= YOUR TASK =
Report back each line of the data that contains the word "Brand".
---------- DATASET ENTRIES
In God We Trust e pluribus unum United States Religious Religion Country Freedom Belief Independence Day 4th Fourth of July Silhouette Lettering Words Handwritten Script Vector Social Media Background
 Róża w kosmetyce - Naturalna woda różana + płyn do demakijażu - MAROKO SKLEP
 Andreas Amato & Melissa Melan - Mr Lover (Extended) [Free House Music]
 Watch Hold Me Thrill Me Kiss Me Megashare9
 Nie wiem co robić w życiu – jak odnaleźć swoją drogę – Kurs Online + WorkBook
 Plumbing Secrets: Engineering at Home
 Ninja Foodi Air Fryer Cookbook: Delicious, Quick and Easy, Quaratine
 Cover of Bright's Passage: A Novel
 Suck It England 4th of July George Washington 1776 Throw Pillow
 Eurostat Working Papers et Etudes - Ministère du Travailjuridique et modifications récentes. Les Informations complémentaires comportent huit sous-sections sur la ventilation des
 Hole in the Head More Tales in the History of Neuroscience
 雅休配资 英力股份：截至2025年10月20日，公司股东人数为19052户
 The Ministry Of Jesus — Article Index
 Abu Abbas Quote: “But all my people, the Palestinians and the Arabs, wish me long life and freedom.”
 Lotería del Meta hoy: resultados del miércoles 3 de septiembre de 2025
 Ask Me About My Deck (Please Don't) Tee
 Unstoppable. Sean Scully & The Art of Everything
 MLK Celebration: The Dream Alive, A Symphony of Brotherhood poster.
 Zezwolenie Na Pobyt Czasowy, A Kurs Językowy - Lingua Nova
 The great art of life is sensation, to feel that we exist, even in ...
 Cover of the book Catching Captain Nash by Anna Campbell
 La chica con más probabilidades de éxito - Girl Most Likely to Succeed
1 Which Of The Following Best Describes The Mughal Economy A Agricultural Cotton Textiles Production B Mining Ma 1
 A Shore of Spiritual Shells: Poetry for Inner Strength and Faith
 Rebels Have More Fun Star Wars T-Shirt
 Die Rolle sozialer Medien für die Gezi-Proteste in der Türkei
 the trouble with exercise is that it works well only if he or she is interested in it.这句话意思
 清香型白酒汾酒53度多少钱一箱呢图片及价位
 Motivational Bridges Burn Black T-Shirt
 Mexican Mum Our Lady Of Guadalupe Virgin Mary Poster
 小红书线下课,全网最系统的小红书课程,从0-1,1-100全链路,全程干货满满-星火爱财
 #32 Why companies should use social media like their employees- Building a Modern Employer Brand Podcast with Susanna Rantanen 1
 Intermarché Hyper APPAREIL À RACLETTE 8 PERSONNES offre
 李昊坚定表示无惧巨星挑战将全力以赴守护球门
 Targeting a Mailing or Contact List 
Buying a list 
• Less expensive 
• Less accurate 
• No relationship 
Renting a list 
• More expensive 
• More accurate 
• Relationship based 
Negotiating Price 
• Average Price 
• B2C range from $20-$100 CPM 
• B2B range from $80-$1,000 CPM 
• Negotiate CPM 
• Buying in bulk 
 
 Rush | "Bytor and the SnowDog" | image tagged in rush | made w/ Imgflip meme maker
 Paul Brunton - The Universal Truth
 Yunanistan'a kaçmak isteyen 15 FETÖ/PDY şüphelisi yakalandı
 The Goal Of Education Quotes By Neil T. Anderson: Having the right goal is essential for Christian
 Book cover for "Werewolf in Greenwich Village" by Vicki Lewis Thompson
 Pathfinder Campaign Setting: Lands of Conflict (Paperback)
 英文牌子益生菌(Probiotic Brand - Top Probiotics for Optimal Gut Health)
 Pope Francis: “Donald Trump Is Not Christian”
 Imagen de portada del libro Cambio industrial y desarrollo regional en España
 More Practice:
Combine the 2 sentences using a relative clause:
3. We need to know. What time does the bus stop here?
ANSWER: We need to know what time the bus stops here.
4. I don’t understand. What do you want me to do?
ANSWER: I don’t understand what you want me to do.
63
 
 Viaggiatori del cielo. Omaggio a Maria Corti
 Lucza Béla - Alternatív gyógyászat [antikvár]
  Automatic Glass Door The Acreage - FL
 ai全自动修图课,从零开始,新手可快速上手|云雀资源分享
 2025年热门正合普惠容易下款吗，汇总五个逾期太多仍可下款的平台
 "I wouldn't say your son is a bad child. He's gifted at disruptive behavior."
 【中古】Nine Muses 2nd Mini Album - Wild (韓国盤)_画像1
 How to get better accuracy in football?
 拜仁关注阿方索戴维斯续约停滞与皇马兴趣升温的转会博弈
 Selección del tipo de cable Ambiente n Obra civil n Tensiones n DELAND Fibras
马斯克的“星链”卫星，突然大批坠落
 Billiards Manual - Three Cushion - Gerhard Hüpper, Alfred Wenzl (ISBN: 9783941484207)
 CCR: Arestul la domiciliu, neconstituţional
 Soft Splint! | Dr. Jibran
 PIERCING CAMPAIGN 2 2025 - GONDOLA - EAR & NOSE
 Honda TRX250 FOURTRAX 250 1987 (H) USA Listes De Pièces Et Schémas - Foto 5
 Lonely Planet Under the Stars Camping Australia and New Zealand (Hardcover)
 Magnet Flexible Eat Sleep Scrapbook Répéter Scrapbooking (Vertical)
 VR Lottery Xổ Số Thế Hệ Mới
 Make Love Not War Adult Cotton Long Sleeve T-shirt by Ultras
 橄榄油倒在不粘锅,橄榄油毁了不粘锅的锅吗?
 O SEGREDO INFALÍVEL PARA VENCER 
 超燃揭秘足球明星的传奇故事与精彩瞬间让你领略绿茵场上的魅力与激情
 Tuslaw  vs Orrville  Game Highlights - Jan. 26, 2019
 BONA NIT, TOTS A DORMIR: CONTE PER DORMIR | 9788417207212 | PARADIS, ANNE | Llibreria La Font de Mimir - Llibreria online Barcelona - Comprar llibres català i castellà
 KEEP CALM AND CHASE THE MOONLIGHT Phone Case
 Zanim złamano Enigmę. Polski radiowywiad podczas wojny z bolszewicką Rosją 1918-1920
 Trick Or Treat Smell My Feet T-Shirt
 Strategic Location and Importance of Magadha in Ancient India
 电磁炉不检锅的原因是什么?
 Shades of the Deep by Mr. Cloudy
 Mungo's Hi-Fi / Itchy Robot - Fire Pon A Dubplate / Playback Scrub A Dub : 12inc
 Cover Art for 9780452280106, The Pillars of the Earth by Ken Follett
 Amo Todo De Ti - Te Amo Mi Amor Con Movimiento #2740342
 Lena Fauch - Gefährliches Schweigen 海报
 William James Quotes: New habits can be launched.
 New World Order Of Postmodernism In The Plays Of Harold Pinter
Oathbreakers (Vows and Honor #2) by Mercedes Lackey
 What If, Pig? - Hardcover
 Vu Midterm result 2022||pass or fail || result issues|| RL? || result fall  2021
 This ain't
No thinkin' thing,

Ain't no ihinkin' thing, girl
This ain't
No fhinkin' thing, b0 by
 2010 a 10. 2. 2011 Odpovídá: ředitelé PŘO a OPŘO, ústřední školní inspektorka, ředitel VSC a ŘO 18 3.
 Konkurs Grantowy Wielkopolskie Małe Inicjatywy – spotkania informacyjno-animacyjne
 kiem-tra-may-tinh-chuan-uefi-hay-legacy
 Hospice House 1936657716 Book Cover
--------------------
= SOLUTION =
 #32 Why companies should use social media like their employees- Building a Modern Employer Brand Podcast with Susanna Rantanen 1
 英文牌子益生菌(Probiotic Brand - Top Probiotics for Optimal Gut Health)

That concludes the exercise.